If we can go back to the beginning, you joined Poco in 1970 in time for the second album, and you stayed with them for about seven years and ten albums?
The Poco vacancy came about when Randy Meisner left the band, to join The Eagles. Seven years later you were replacing him in the Eagles. Did you have some kind of pact with him?
Just a twist of fate I guess. It just happened that way - I happened to be the guy who fitted the bill.
You joined the Eagles fresh from their massive 'Hotel California' success. Did the band feel the weight of expectation on its shoulders with the 'Long Run' album?
There was stuff going on previous to my even being around that was building up to all this stuff including the pressure of trying to follow up 'Hotel California'. I didn't personally feel it as much as they did, being new on board, and any tensions that were going on I just interpreted as being regular band problems. I certainly had no idea of the magnitude of it, but of course I eventually found out when we split up for so long.
Presumably there was a fairly established power base in the Eagles by that time - was it difficult to get your own songs and influences into the set?
You know what, I don't look at it that way. I think that my career is more than fair - I have nothing to complain about.
After the double album 'Eagles Live' came out in 1980, we didn't hear anything from the band until the split was officially announced a couple of years later. Did you make a conscious decision then to concentrate on solo work, or were you tempted to hitch up with another band?
Whatever I was to do, and whatever I did do, was just practising my craft - I sang on a lot of records, I did some solo stuff, I even toured here and there with some people - I simply did what I do, you know what I mean? I didn't go out and work in a market or anything, I try and keep doing what I do.
You've certainly been pretty busy over the years guest starring on other people's records, from the Simpsons to Spinal Tap?
Yeah, well I like to work. A lot of times I'll meet someone who I'm a fan of and simply tell them that, because I really mean it, that if they ever want any help then I'll come along and sing. A lot of times they say really? You would? And I'll go sure, why not and sometimes they call me back!
You obviously kept touch with your old band mates, Don Henley played on your 'Tell Me The Truth' album and I notice that your current drummer Scott Crago was involved with the Eagles as well?
He still is, he's the other percussionist in our road show. He's a good drummer and a great guy and real fast at what he does.
What made you wait 11 years before releasing another solo album?
Oh I don't know, I mean right in the heart of things the 'Hell Freezes Over' album project with the band kept me real busy. I don't really know, I guess the time wasn't right. To conceive of putting out a record on my own label, which is what I've done in the US, it didn't occur to me years ago. I was having difficulty getting anyone to look twice at me from a major label and I decided it's OK, I accept that, you know? I'm probably risky business for them but you know what? I'm going to do it anyway, on my own and on a smaller level.
Has anything you've heard over the intervening decade influenced the new record?

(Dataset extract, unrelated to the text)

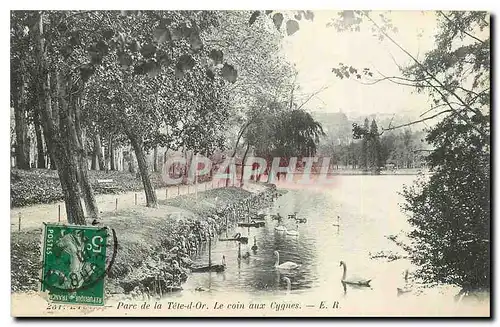 Ansichtskarte AK Lyon Parc de la tete d'Or Le coin aux Cygnes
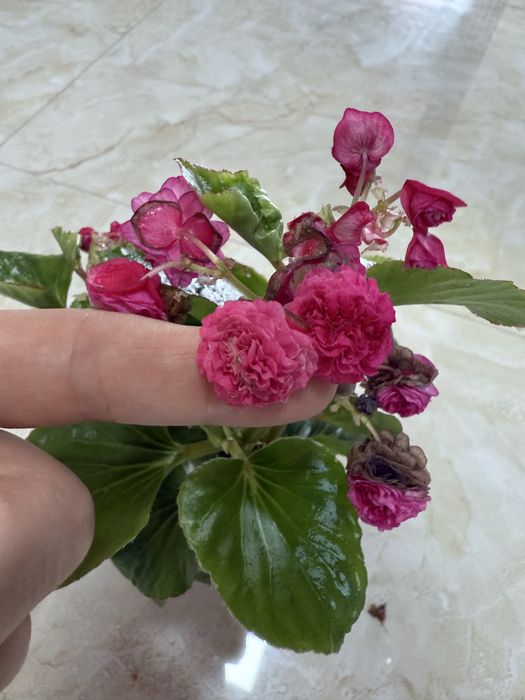 Продам комнатные цветы ,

I can't be specific with answering that, but I really believe that everything I hear goes in and influences me, in some ways it's got to. There's a lot of great talent out there.
Was it refreshing to be able to record at home in your own time?
The whole thing of having everything under my control is more than refreshing, because the buck stops with me, I don't answer to anybody.
One thing that struck me about 'Feed The Fire' was the production which you largely did yourself - is this something you want to do more of in the future?
I've done a little here and there. I've been doing this long enough that I know what I want and I know what to do and how to get it done. I'm not bragging, but I've been doing this for so long. Sometimes it's good to have another person involved but in this instance it was a good experience.
Is production something you want to do for other people?
I don't know - not too many people have asked me.
What's next on the agenda for you?
Well, I have to see what's in store in the bigger picture, with the band. Our plan is to finish the European tour, take some time off, but not too much as part of the idea of this is that we want to get into good singing, playing shape. Then we're going to attempt to write some tunes again.
There might be a new Eagles album on the way?
We're going to attempt to make a record, yeah; we'll see what happens. After the tour finishes in July we're going to start, we've cleared our schedules and try to write some tunes. Hopefully it won't take forever, but we can safely say next year at the earliest.
What was the motivation to reform the band after all these years? Presumably The Eagles aren't short of a few bucks?
We all do very well but at the same time we're all driven to work, we want to do this and it's what we do. We're at a level now where it would be almost foolish not to do it. We put a lot of work into our stage show - we could probably do a couple of rehearsals and throw something together but that's not what we've done - we worked very hard with long, long rehearsals. We pay a lot of attention to every aspect of it. It's not thrown together; it's very methodical and professional - that's how we wanted it.
So, Eagle-eyed observers of Mr Schmit and his cohorts, you heard it here first. In the meantime, you could do a lot worse than investigate Tim's new album, 'Feed The Fire'.